I tried to implement bessel function using that formula, this is the code:

function result=Bessel(num);


if num==0
    result=bessel(0,1);
elseif num==1
    result=bessel(1,1);
else
    result=2*(num-1)*Bessel(num-1)-Bessel(num-2);
end;

But if I use MATLAB's bessel function to compare it with this one, I get too high different values. For example if I type Bessel(20) it gives me 3.1689e+005 as result, if instead I type bessel(20,1) it gives me 3.8735e-025 , a totally different result.

Answer 1

such recurrence relations are nice in mathematics but numerically unstable when implementing algorithms using limited precision representations of floating-point numbers.

Consider the following comparison:

x = 0:20;
y1 = arrayfun(@(n)besselj(n,1), x);   %# builtin function
y2 = arrayfun(@Bessel, x);            %# your function
semilogy(x,y1, x,y2), grid on
legend('besselj','Bessel')
title('J_\nu(z)'), xlabel('\nu'), ylabel('log scale')

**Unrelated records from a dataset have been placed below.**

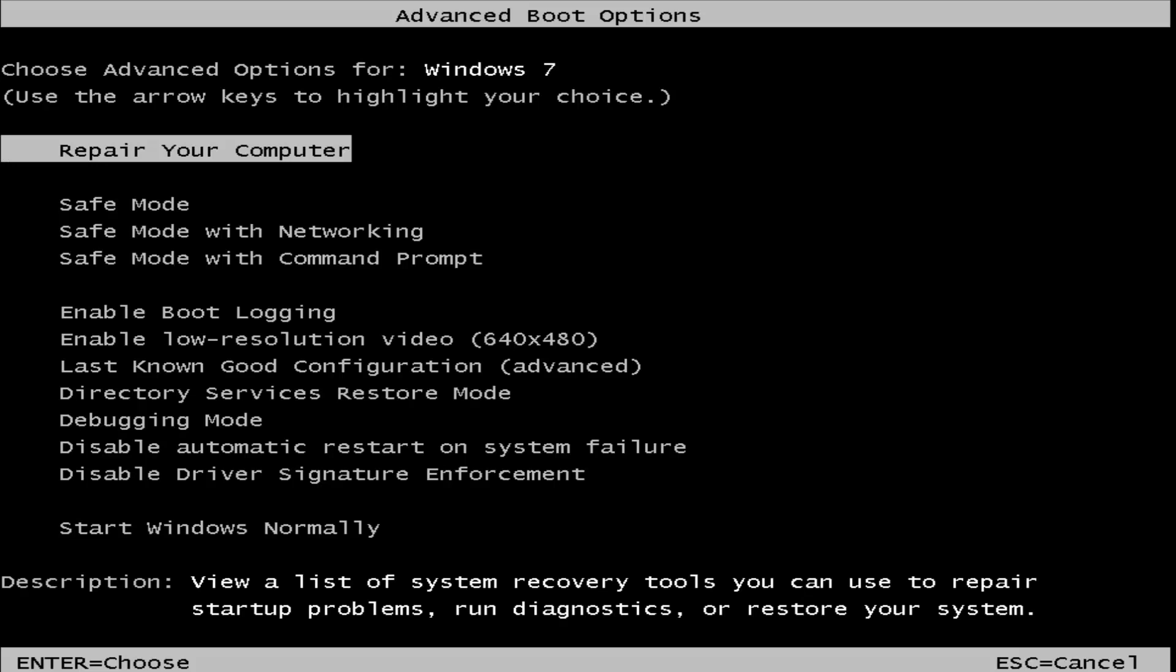Okay, so as our computer started up and we hit the F8 key, we have launched the Advanced Boot Options for Windows 7.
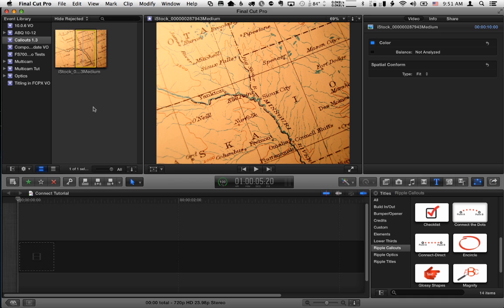Hi, Mark Spencer from Ripple Training here with a quick tutorial on how to use the Connect the Dots and Connect Direct callouts in Ripple callouts to make an animated map.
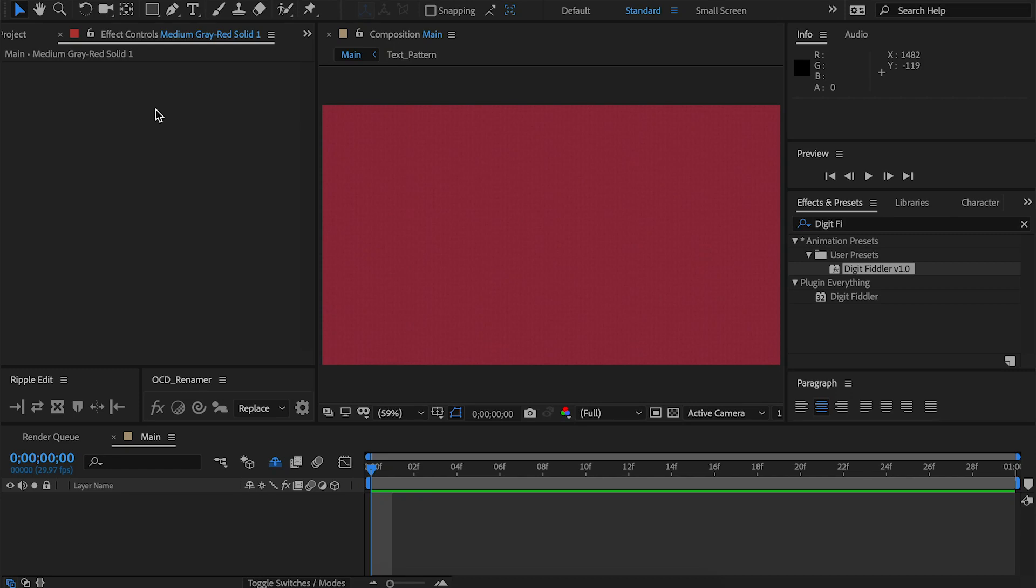Hello everyone, Matthew here from Plugin Everything. Welcome to the quick start video for DigitFiddler. Let's jump straight in.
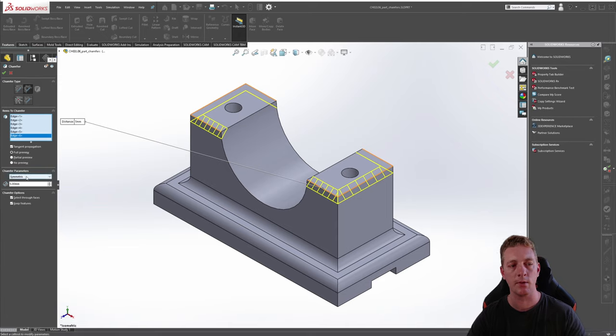That is how you create fillets and chamfer features in your model. That is the end of the lesson — don't forget to subscribe to the channel and like the video, and let's move on to the next lesson.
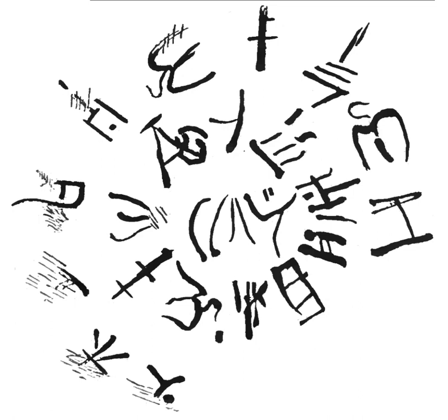See also: Aegean numbers, Cypro-Minoan syllabary, Phaistos disc, Arkalochori Axe, Dispilio tablet, and Tărtăria tablets.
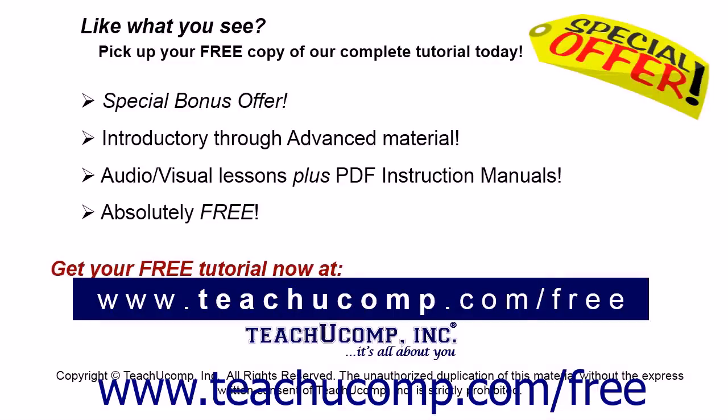Like what you see? Pick up your free copy of the complete tutorial at www.teachucomp.com/free.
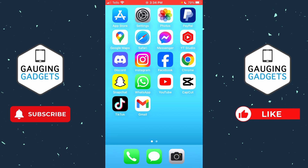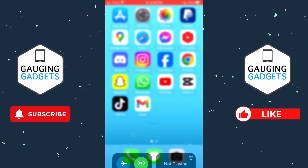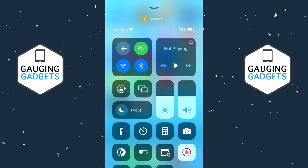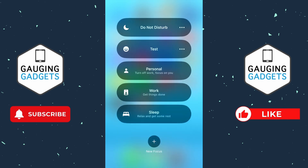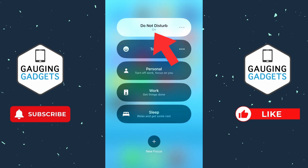The first thing we can do is simply open up the control menu by swiping down from the top right. Then once the menu opens, select Focus and then select Do Not Disturb. This is a very easy way to stop all notifications on your iPhone if you just want to do that very quickly.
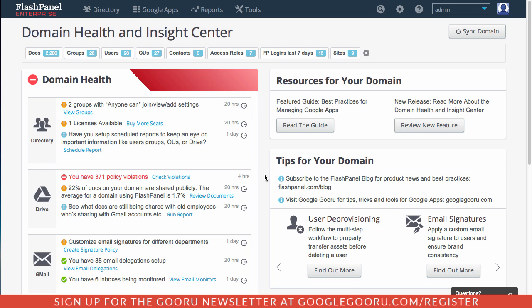So the main thing to take away from this update and the Domain Health and Insight Center is that Flash Panel is surfacing these major security risks that come to your domain in the form of this Domain Health status check here. You can see red means that there are critical violations in my domain. You can see down here in Drive I have some critical policy violations.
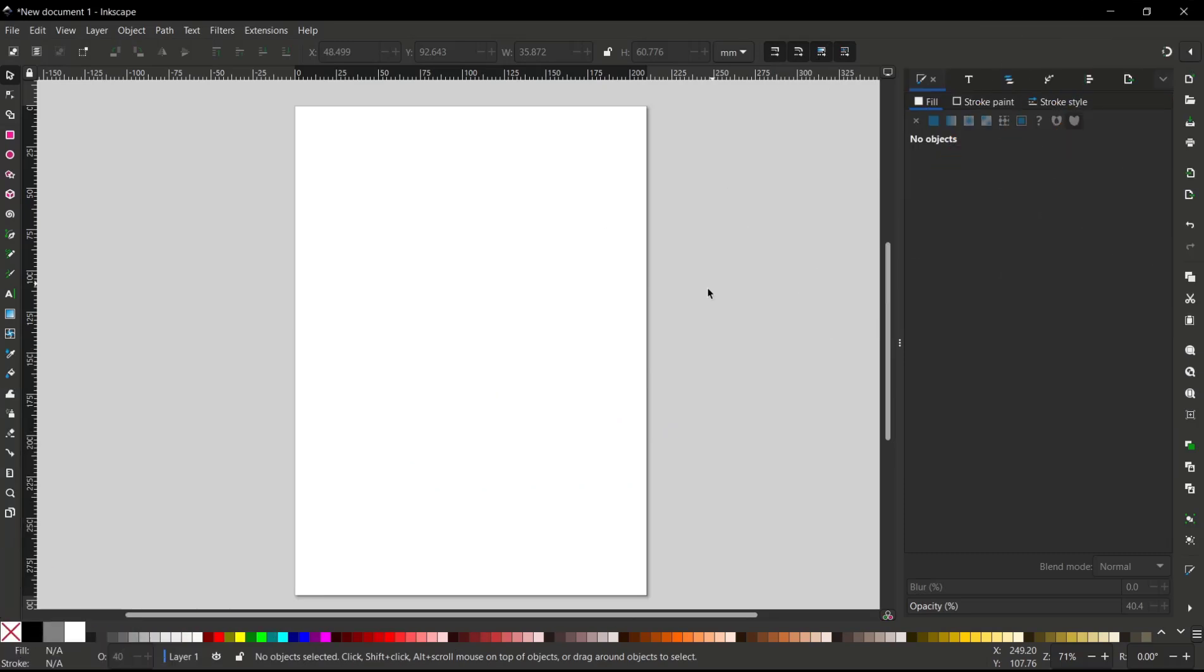Hello everyone, today we are going to learn basic Inkscape tutorial on how to use Bezier tools.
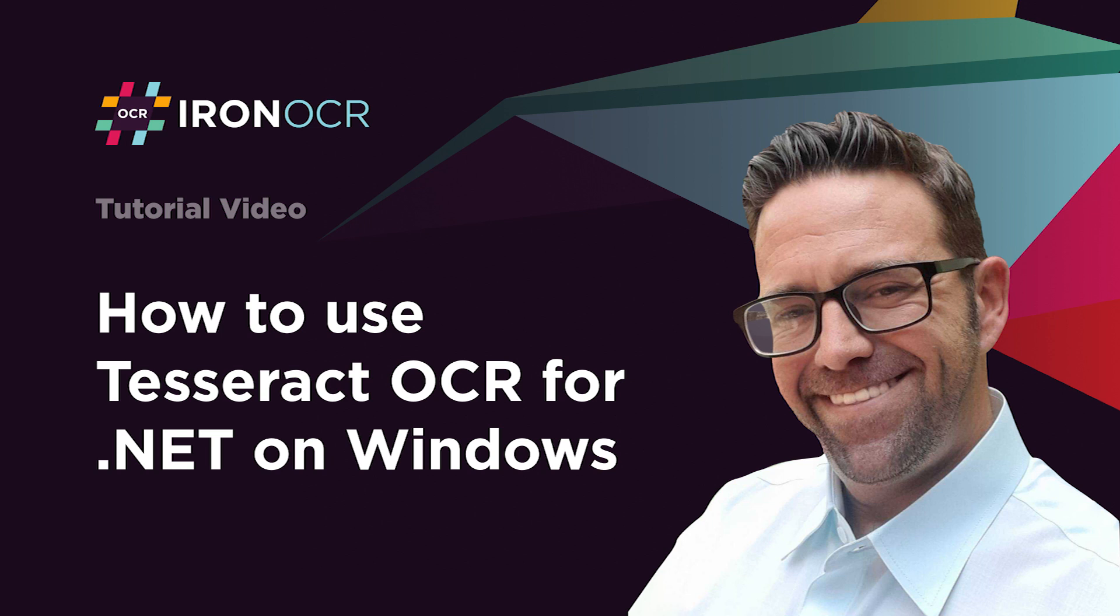Hello everybody, and welcome to this tutorial where we'll discuss how to use Tesseract OCR with Windows 10 and 11.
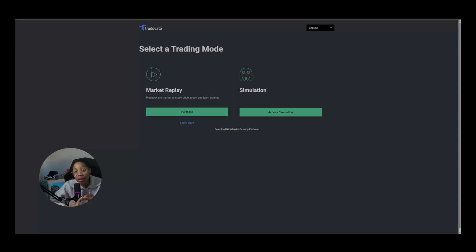I'm going to show you how to take a buy or sell, how to customize your chart, set it up, and how to use the trade copier — all the basics you need. I'm going to click Access Simulation because I'm logging into the Take Profit Trader accounts that I have.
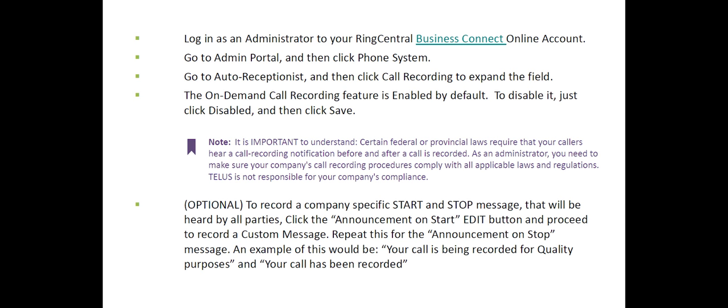It is important to understand that certain federal and provincial laws require that your callers hear a call recording notification before and after a recording. As an administrator, you need to make sure your company's call recording procedures comply with all applicable laws and regulations. Telus is not responsible for your company's compliance.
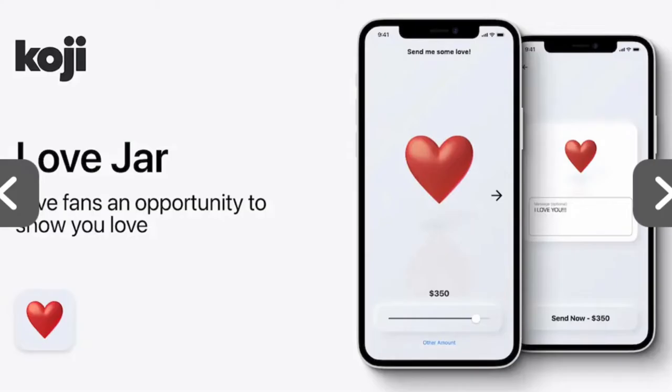One of the things that you get as a musician on Koji is a Love Jar. This is allowing people to send donations to you. So if somebody sees that you have really great content and they wanna support you with a one-time payment, they can send you a dollar, $5, $10 — whatever the amount is that's on their heart — and that pledge goes directly to you.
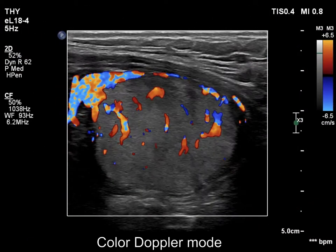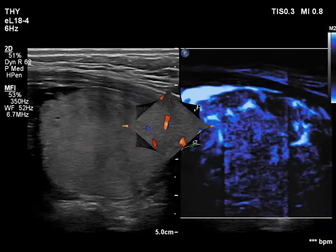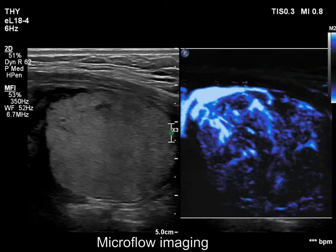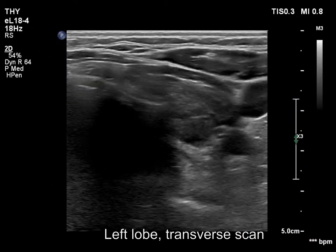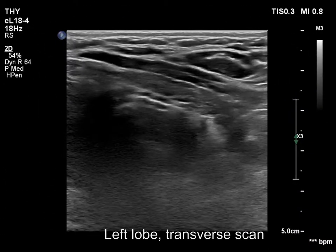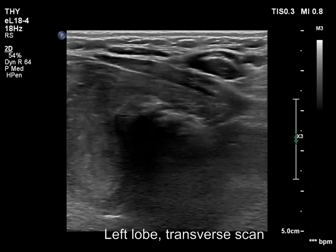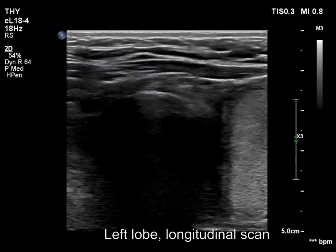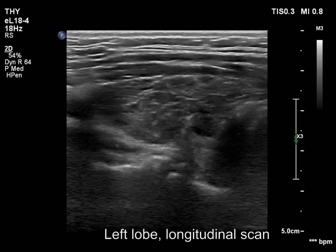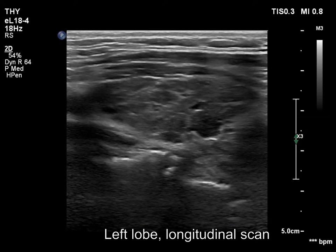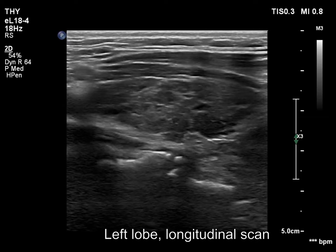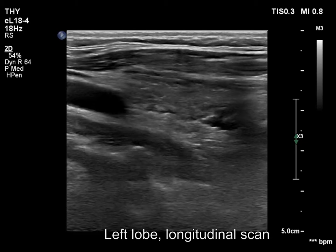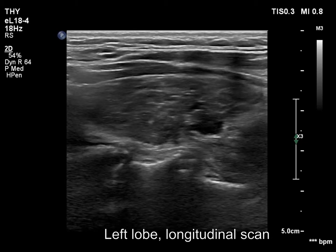The nodule shows paranodular and intranodular vascularity and is relatively rich in vessels. The left lobe has a similar appearance, also hypoechoic and inhomogeneous. This lobe has tiny cystic and deeply hypoechoic areas, none of which corresponds to a true nodule.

So you can see how the computed values start to differ significantly after 9.

According to MATLAB:

BESSELJ uses a MEX interface to a Fortran library by D. E. Amos.

and gives the following as references for their implementation:

D. E. Amos, "A subroutine package for Bessel functions of a complex argument and nonnegative order", Sandia National Laboratory Report, SAND85-1018, May, 1985.

D. E. Amos, "A portable package for Bessel functions of a complex argument and nonnegative order", Trans. Math. Software, 1986.